Former prime minister Jacques Chirac brusquely rejected pressure from President Valery Giscard d'Estaing to drop out of the race for mayor of Paris today and appeared to be pushing toward a total and open break with his old political ally.

Chirac has refused to meet with his successor, Prime Minister Raymond Barre, who was told by Giscard yesterday to find a compromise solution to the "disorder" that the mayor's race has spread through the coalition that governs France.

Instead, Chirac sent Barre a letter asserting that he would withdraw only for "extremely serious and compelling reasons." In a radio interview here tonight, he reiterated his determination to see the campaign through "so that Paris will not fall into the hands of the Socialist-Communist" bloc.

"Giscard offered a compromise, but Chirac wants nothing less than a surrender," said a political analyst with ties to both camps.

Chirac heads the Gaullist party, the largest group in Parliament. He helped Giscard, founder of the small Independent Republican Party, to a narrow victory in the 1974 presidential election but quit as his prime minister in August.

Campaigning for the March election of the first mayor of Paris in 100 years intensified today as it became clear that Barre's conciliation mission was collapsing.

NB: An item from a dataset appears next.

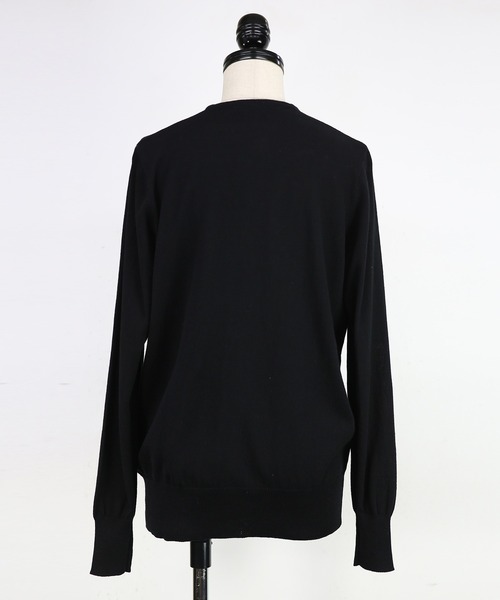 and it_（アンドイット）の「オーディナリーコットンニットVネックカーディガン（カーディガン/ボレロ・レディース・ブラック/チャコール・LL/M/L）」の21枚目の写真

Giscard's candidate, Industry Minister Michel D'Ornano, signaled that he would try to make the Gaullist record of managing Paris for two decades the main issue of the campaign by traveling to a multimillion-dollar complex of slaughterhouses just outside Paris that has never been used because of poor planning and design.

His visit recalled the charges of payoffs for the Gaullists on this and other urban projects that are usually made by the leftist opposition.

In his toughly worded statement yesterday, Giscard also stressed his administration's record in "stopping the burying of Paris under concrete and skyscrapers" that the Gaullists had permitted.

Barre formally announced tonight that D'Ornano is ready to drop out of the race if a compromise candidate could be agreed on by the coalition, which includes the Gaullists. After noting Chirac's refusal, Barre said that he "deplored the prolonging of a worrisome situation" for the coalition, and implied that Chirac's candidacy is undermining efforts by Barre and Giscard to revive the flagging French economy.

Both sides are also resorting to publicizing public-opinion polls to support their campaigns for 109 scats on the city council, which elects the mayor from its ranks.